OK, so this thing about being 40 and saying whatever the fuck I want, but still worried that I'll offend people, all that thing, that contradiction, it's driving me fucking nuts.
So this woman I recently reconnected with, a woman to whom I sent a message nine years ago, she has a fascinating story. She is the process of adopting two children, something she has wanted to do since she herself was a child. She's been active about telling her story and her lovely time with these adorable newborns on Facebook. And she has been very willing to answer many questions, some of them probing, with some aplomb and humor. In other words, I didn't think too much was off-limits to a process that's still ongoing and needs to be somewhat secret to protect the identities of these two kids. I understand, and I think I've walked that line.
Yesterday, she was talking about tracking the development of both kids. The older one (although she isn't that much older) has been kind of slow in developing, I guess, while the younger one has been on a normal track. My friend said that she hopes that the older one can take a cue from her new brother and, for a lack of a better word, progress.
Now, I don't exactly know what that means. I don't have a kid; hell, I'm a kid myself. However, to me, my friend seemed to be intimating that this prospective daughter may have some kind of issues. But I didn't know. So, in the comments section, I asked if this child was, and I put this in quotes, "behind."
That's all I said. That's all I said.
I checked my Facebook. All of a sudden, my comment was gone.

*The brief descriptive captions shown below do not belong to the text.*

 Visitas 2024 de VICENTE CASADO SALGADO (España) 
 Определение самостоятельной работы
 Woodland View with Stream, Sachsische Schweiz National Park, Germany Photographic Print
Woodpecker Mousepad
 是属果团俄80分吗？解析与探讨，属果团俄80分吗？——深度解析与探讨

I swear, I was totally nice in asking. And I never thought that she would take umbrage at it. But, unless there is some law where you can't discuss the health of prospective adoptees (which I didn't think applied here she may have talked about these issues), it looks as though she deleted my comment because she didn't like it.
As much as I have been talking about saying what I want to say and not giving two fucks about what anyone else thinks, I care about what she thinks. I really do. She didn't have to respond to a Facebook message I sent her nine years ago. And maybe it's also because I'm 40 that I feel such a tug of time that I want to make sure I do nothing to sever a connection I had with someone (OK, maybe "connection" is too strong a word, but this means a lot to me) when I was a lot younger.

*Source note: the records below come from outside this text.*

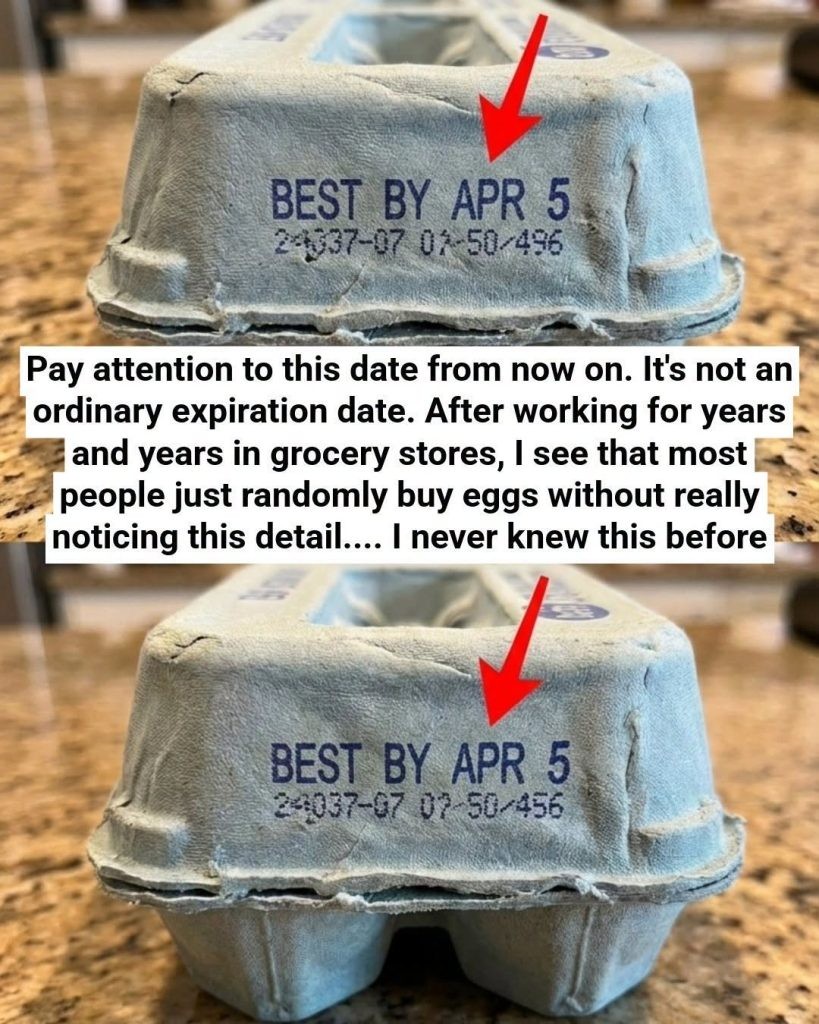 HT3. A Gentle, Science-Backed Guide to Egg Carton Codes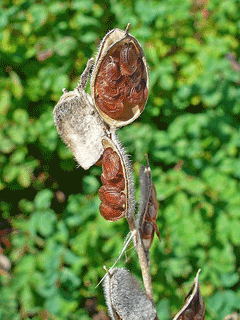 Fibigia clypeata Fibigia clypeata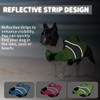 Doglay Dog Life Vest, Dog Life Jacket with Double Rescue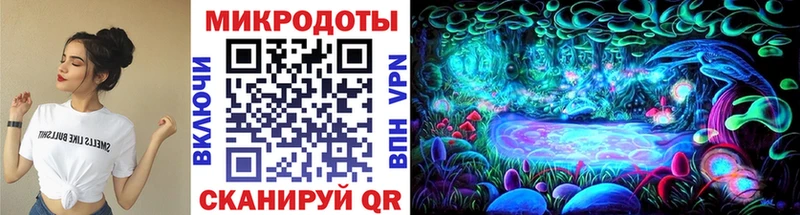 как найти наркотики  Шимановск  Псилоцибиновые грибы Cubensis 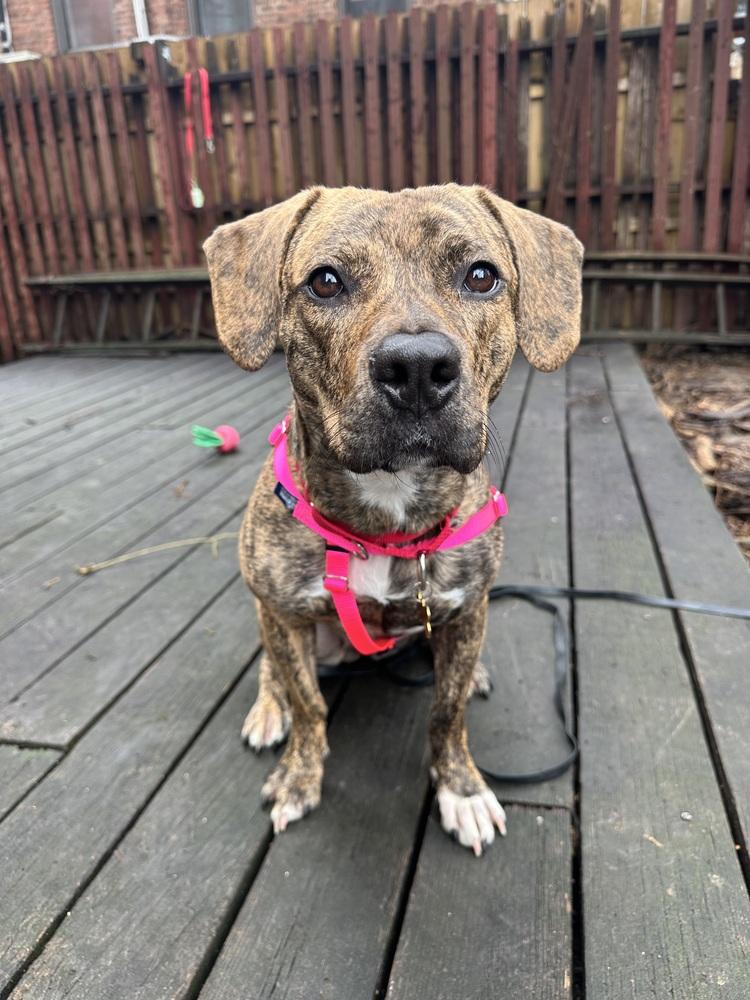Enlarge Cookie, a Adoptable mixed breed in New York, NY image 1/6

So, what did I do? I sent her a message though Facebook. We've communicated like that before. I thought I could get an explanation and smooth things over with an apology. So I did -- I said sorry if I offended you, I thought it was cool.
Again, that's all I said. That's all I said.
I heard nothing. Well, I have heard nothing. And I don't get it. Usually she is loquacious, and since she often likes my comments as well as those of her "real" friends when she posts a status update I know she's on Facebook constantly. So why the silent treatment? Is she mad? I think she's mad. She deleted something she didn't like, and now she's not going to give me an explanation and let me twist in the wind. That's what it feels like. Look, if you're upset, just let me know. Then give me a chance to make up for it, or at least just tell me we're done. But this silent treatment -- come on!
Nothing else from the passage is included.